Psikolog Ferahim Yeşilyurt, ayrıca öğrencilere tavsiyede bulunarak, 'çok aptalca hatalar yaptım, sınavı mutlaka kazanmalıydım, ben başarısız bir öğrenciyim' gibi kendisini kötü hissetmesine neden olabilecek ifadeler yerine 'bazı hatalar yaptım ve bunları düzelteceğim, sınavı bu yıl kazanmak istiyordum, ancak 1 yıl sonra kazanacağım, bu sınavda kazanamamış olmam benim başarısız bir öğrenci olduğumu göstermez' gibi daha umut dolu ifadelerin kullanmasının daha doğru olduğunu söyledi.
Öğrencinin başarısında ailenin önemli bir yeri olduğunu belirten Yeşilyurt, aile içi ilişkilerin sağlıklı olduğu, çocuğun kişiliğine saygıda bulunulan ve çocuğun kendisini geliştirmenin desteklendiği bir ailede başarının da o oranda yüksek olacağını kaydetti.
ÖSS sonrasında eğer öğrencinin puanları düşükse, ailelerin bazı soruları kendilerine yöneltmeleri gerektiğini ifade eden Yeşilyurt, 'çocuğuma ders çalışma sorumluluğunu verebildim mi?', 'aile içinde yoğun kavga ve çalışmaların olmadığı sağlıklı bir aile ortamı yaratabildik mi?', 'özgüvenini kazanmasına yardımcı olabildik mi?' sorularının cevabını bulmalarını önerdi. Bu değerlendirmelerin anne-baba arasında yapılması gerektiğini, diğer taraftan çocukla bu sonuçların nedenleri üzerinde konuşulması gerektiğini söyledi.

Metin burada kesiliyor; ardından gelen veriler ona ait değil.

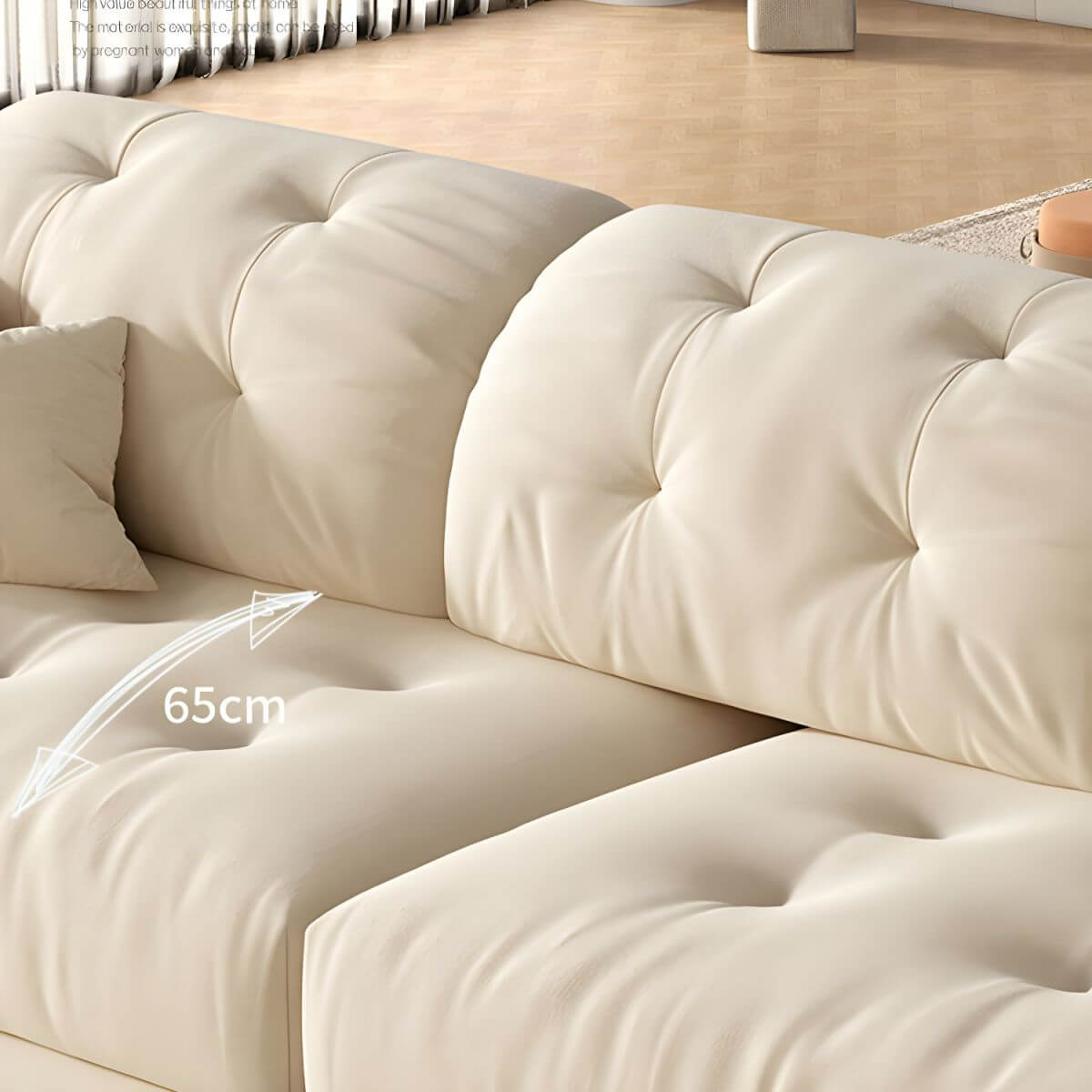 Beige polyester blend sofa with tufted back and pillow top arms, modern and comfortable seating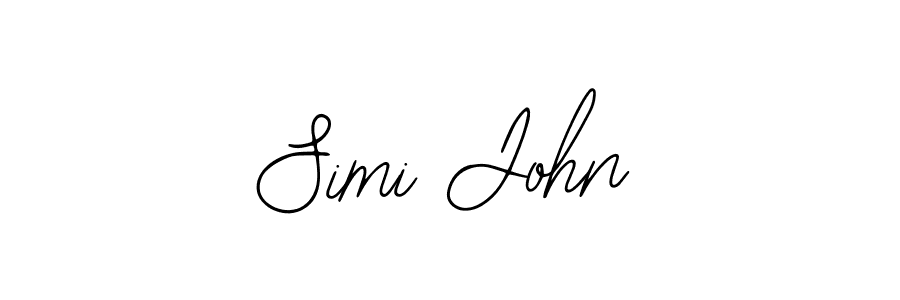 How to make Simi John name signature. Use Bearetta-2O07w style for creating short signs online. This is the latest handwritten sign. Simi John signature style 12 images and pictures png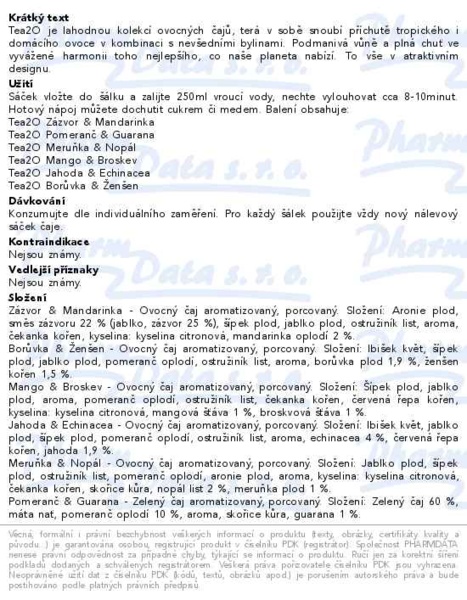 Příbalový leták - Čaj Tea2O MAXI BIOGENA 60 nálevových sáčků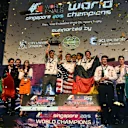 (L to R): Second placed Mustangs from Potugal, winners Union Racing International, joint team from the USA and Germany and third placed AIB Racing from Ireland celebrate at the F1 in Schools Finals at Formula One World Championship, Rd13, Singapore Grand Prix, Preparations, Marina Bay Street Circuit, Singapore, Wednesday 16 September 2015. © Sutton Motorsport Images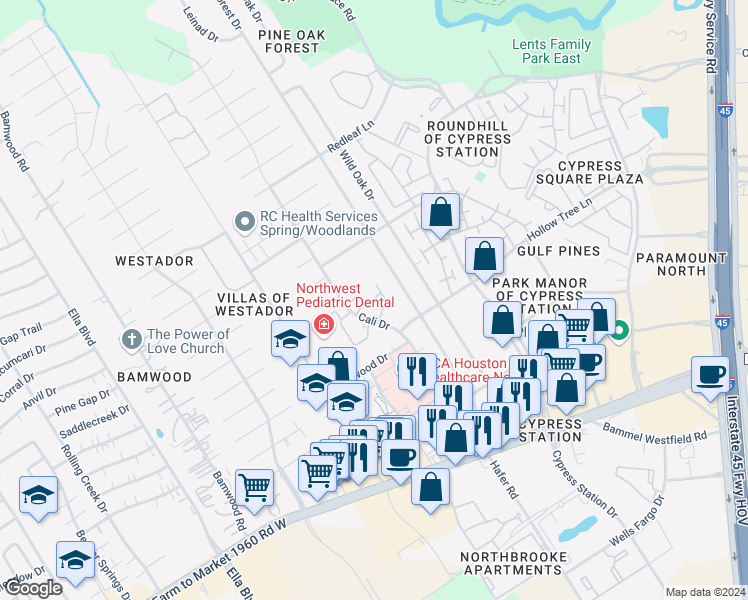 map of restaurants, bars, coffee shops, grocery stores, and more near 17611 Mossforest Drive in Houston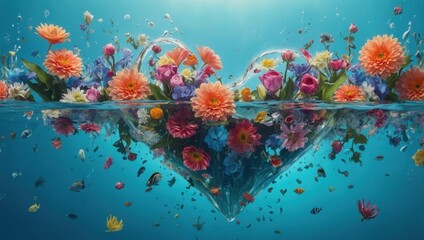 A heart made of flowers is floating in the water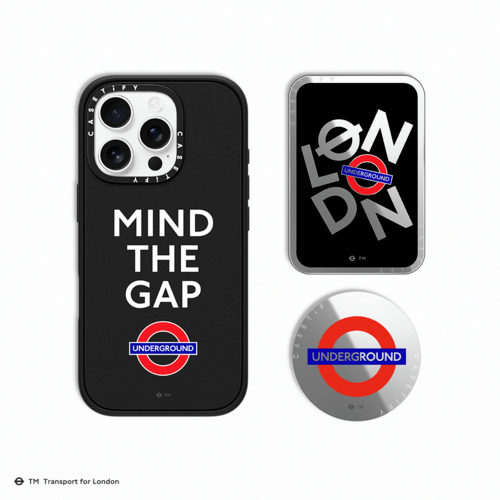 - - London Underground Special Set - iPhone 16 Pro Max Matte Black MagSafe Impact Case + Snappy Cardholder Stand + Snappy Grip Stand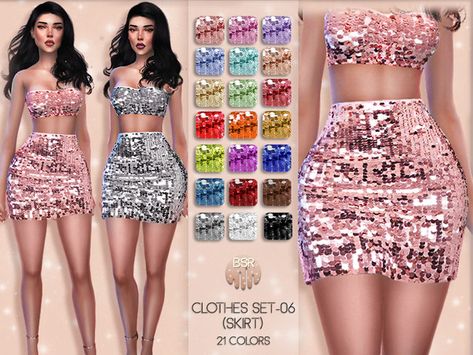 sims 4 cc // custom content clothing // The Sims Resource // #sims4 #sims4cc // busra-tr's Clothes SET-06 (SKIRT) BD39 Mods Ts4, Sims 4 Clothing Sets, Sim4 Cc, Pelo Sims, Rainbow Stars, Sims 4 Game Mods, Sparkle Skirt, Sims 4 Dresses, Sims4 Clothes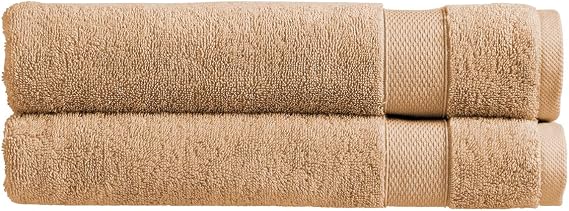 Christy Refresh Brown Bath Towels | Set of 2 | Quick Dry | Gentle Pastel Tones | Soft Plush Large Bath Towels | Absorbent Shower Towels | 100% Cotton 550GSM | Chai Latte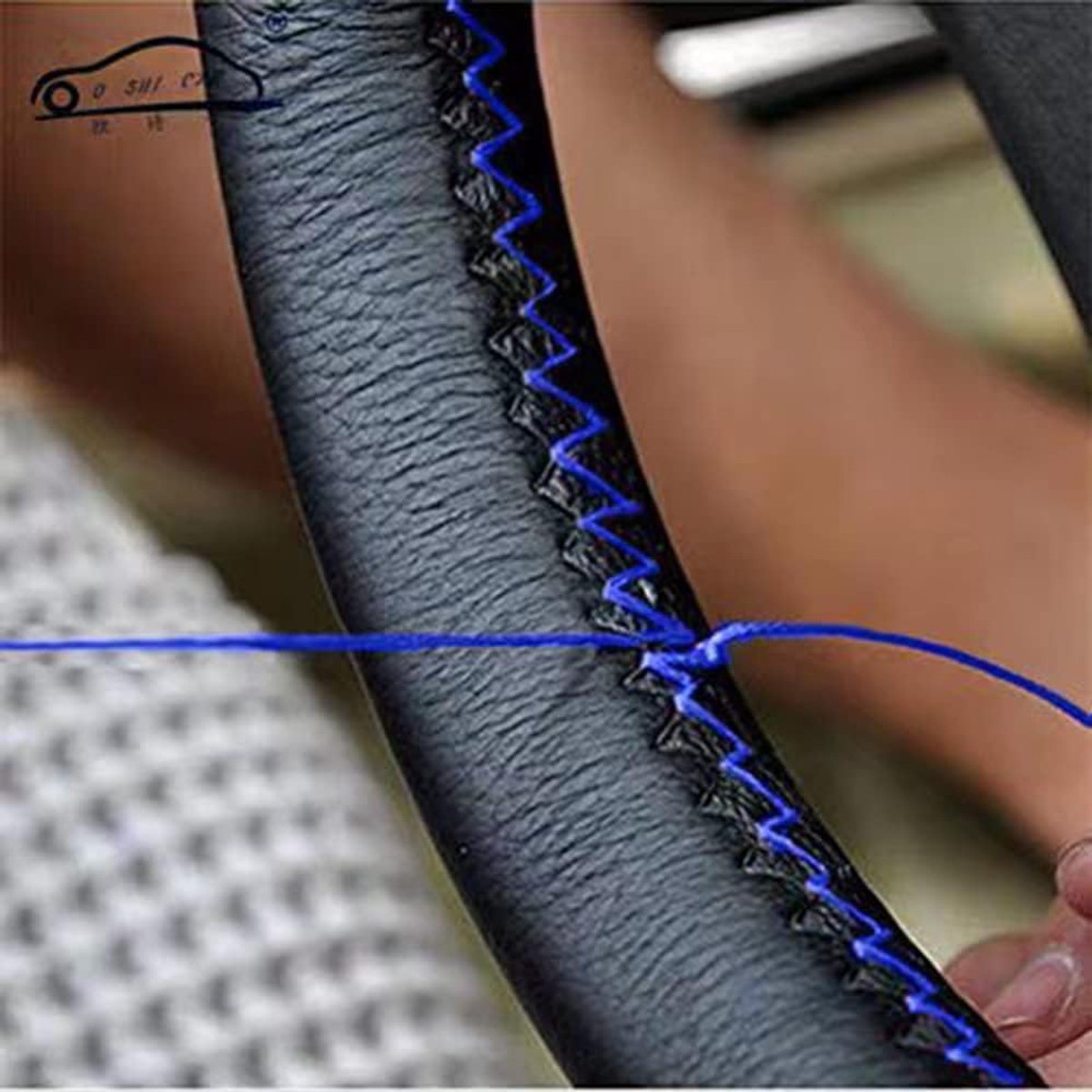 SnelShoppen - Do-it-yourself stuurwielhoezen van zacht leer - Universeel - 37-38 cm - Duurzaam en milieuvriendelijk - Blauw - Interieuraccessoires voo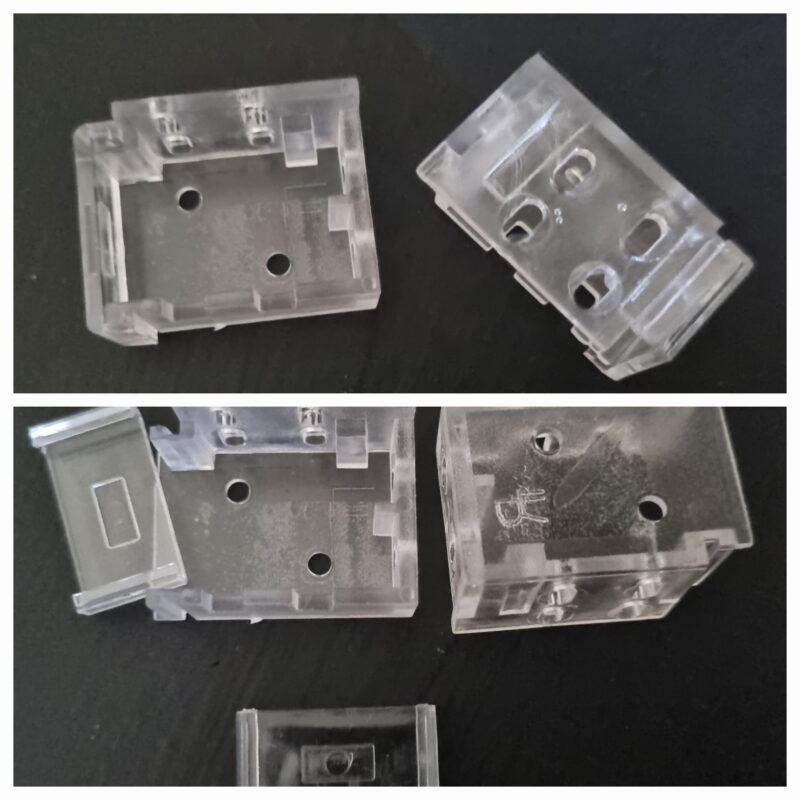 Fixing bracket 25mm sliding front for slimline venetians - clear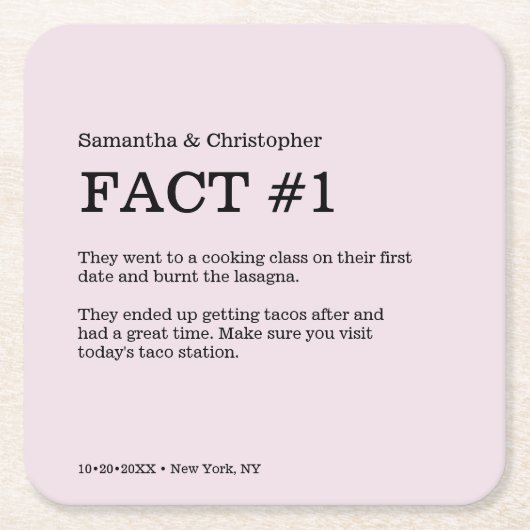 Dusty Rose Wedding Custom Fun Fakt Rechteckiger Pappuntersetzer (Vorderseite)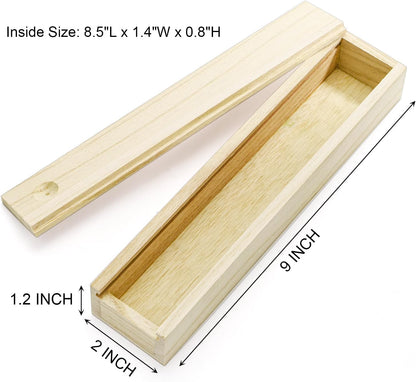 yarlung 16 Pack Unfinished Wood Box with Sliding Lid, Small Narrow Pencil Box Rectangular Gift Boxes for Art Hobbies, DIY Craft, Jewelry Necklace Storage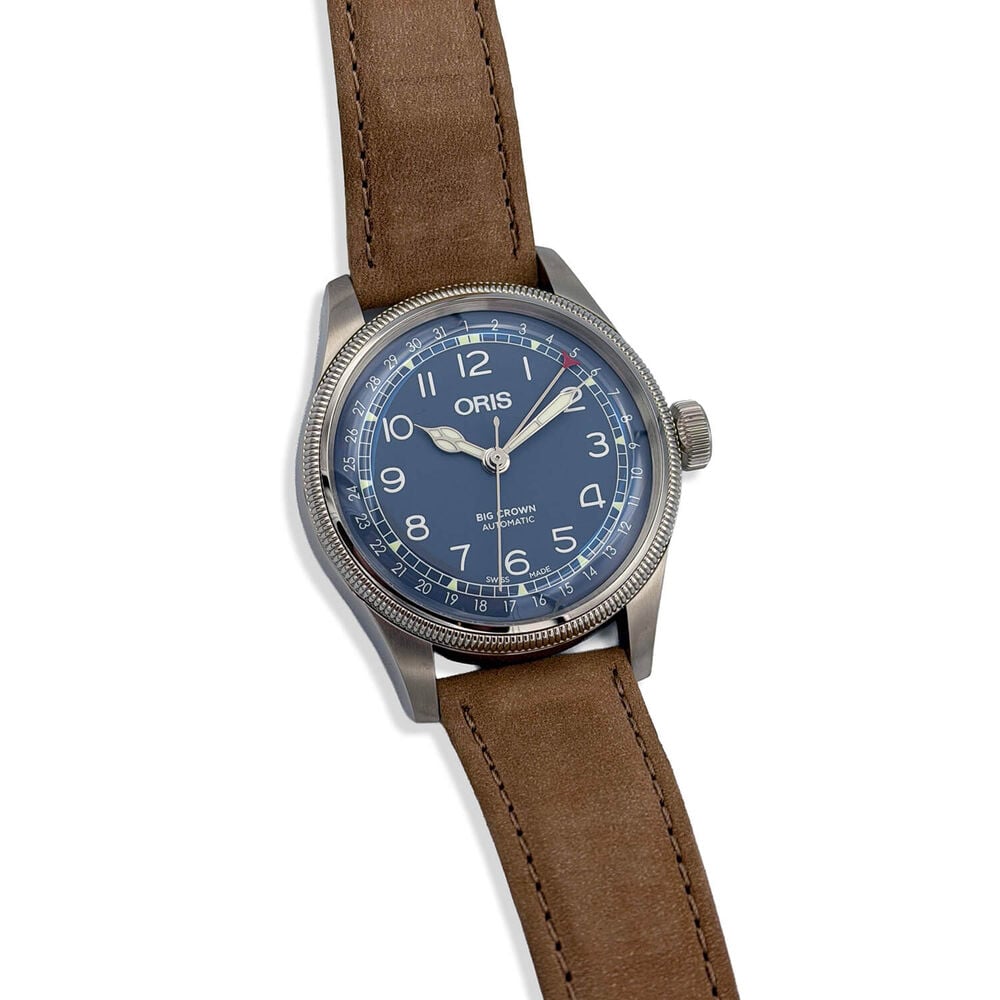 Pre-Owned Oris Big Crown Pointer Date 40mm Blue Dial Brown Leather Strap Watch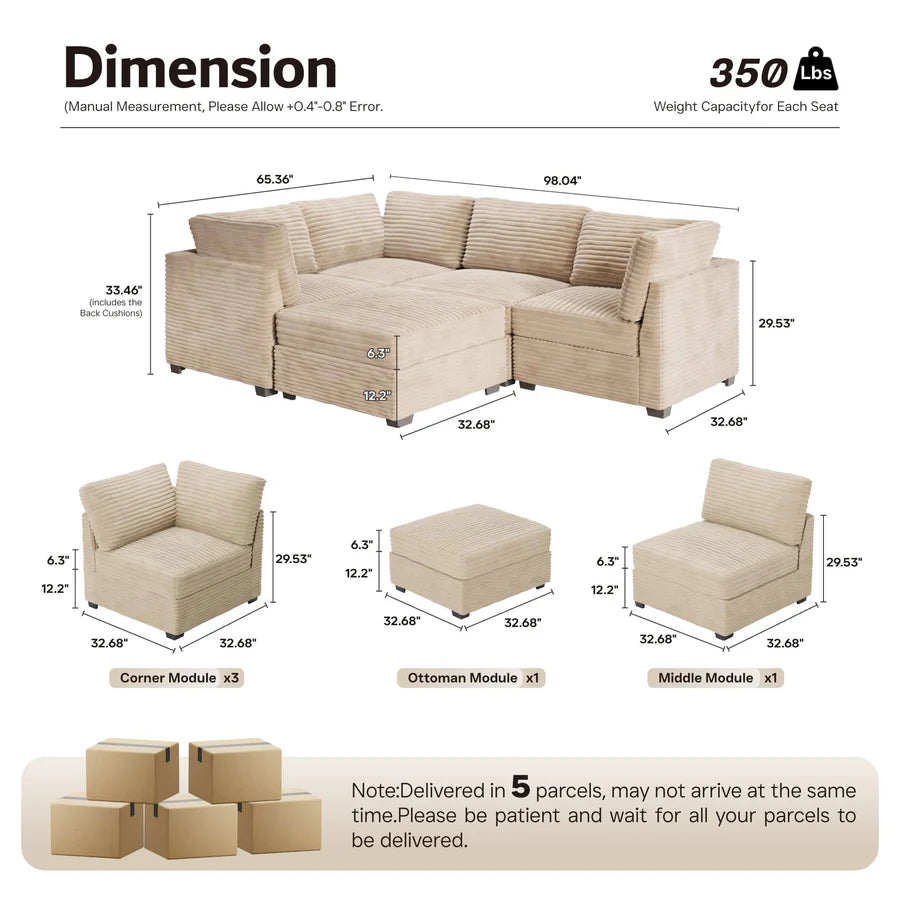 98" Modular Sectional Sofa Couch, L-Shaped Minimalist Couches with Sofa Bed Chaise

Yeşilyurt, eğer aile-çocuk iletişimi iyiyse, çocuğun, bu sonucun alınmasındaki kendi rolünü görüp, değerlendirmesini yaparak gerekli sorumlulukları alacağını vurguladı.
Kazanan öğrencileri örnek göstererek kendi çocuğuyla kıyaslama yapmanın hiç sağlıklı olmadığını, yaptıkları fedakarlıkları söylemelerinin, sınavı kazanamadığı için üzüntülü olan öğrencinin kendisini daha fazla suçlamasına ve ruh sağlığının bozulmasına neden olabileceğini kaydetti. Ferahim Yeşilyurt, alınan sonuçların öğrencinin başarısız bir öğrenci olduğunu göstermediğini, alınan puanların telafisinin her zaman mümkün olduğunu ve gelecek dönemlerde yükseltebileceğini göz önüne almaları gerektiğini sözlerine ekledi.